Mental Health Applications

In addition to pain management, ketamine treatment might be beneficial for patients with spinal conditions as it may help alleviate mental health challenges such as depression.

According to a 2019 research review published in Systematic Reviews, a considerable portion of adults with low back pain suffer from depressive symptoms or depression.⁴ Researchers noted that this may put them at risk of poorer recovery and could necessitate more interventional healthcare. For example, a 2016 study in BMC Musculoskeletal Disorders found that depression among those with back pain can increase pain sensitivity, decrease quality of life, and negatively affect overall function and productivity.⁵

Recent research has highlighted how ketamine may be useful, even for treatment-resistant depression. For example, a 2020 study in Translational Psychiatry noted that even low doses can be beneficial because ketamine has a significant antidepressant effect.⁶

“Ketamine is a big topic in mental health, and for good reason,” said Keith Heinzerling, MD, internist and addiction medicine specialist at Providence Saint John’s Health Center in Santa Monica, CA. “The drug works very quickly, sometimes within hours. That’s compared to some antidepressants that may take weeks or even months to be effective.”

Addiction Risk

Although addiction to ketamine is possible — it is a controlled substance, Dr. Heinzerling said — it does not seem to have the significant addictive effect seen with opioids. Plus, its ability to act quickly for depression and pain means it may be able to be used on a short-term basis, similar to opioids.

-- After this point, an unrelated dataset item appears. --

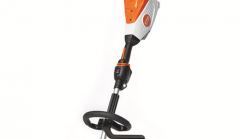 stihl-kma135r-cordless-multi-tool-powerhead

“The best analogy is that you’re providing a reboot,” said Dr. Heinzerling. “Obviously, there are many considerations that go into use of ketamine, and it does have side effects, but if someone needs pain and antidepressant capability in an immediate way, ketamine is a promising option.”

Complementary Approaches

The choice in pain management obviously does not come down to opioids or ketamine, and even when the latter is more widely available as a pain management option for spinal issues, physicians are not likely to limit themselves to only those two options, according to Leia Rispoli, MD, an interventional pain management specialist and physiatrist at DISC Sports & Spine Center in Newport Beach, CA. In many cases, especially for older adults, a combination of approaches is important.

“Chronic low back pain is incredibly prevalent amongst the aging population, so there is constant growing interest and buzz in new treatment options, especially in the setting of the current opiate crisis,” she said. “These options can range from alternative medicine treatments, different classes of medications, injection, or minimally invasive surgical interventions.”

For ketamine to become part of a front-line treatment, more medical evidence is needed, especially from large, randomized controlled studies, she added. Along with that would need to be extensive training in terms of use.

“Ketamine as an opiate alternative may be a viable option, as long as the prescriber is comfortable with dosing, monitoring, and deciding which patients are good candidates for this option, while weighing its risks and benefits,” Dr. Rispoli said. “This option, just like many other potential new treatment options, will need more literature supporting its use and guidance in effective, safe dosing.”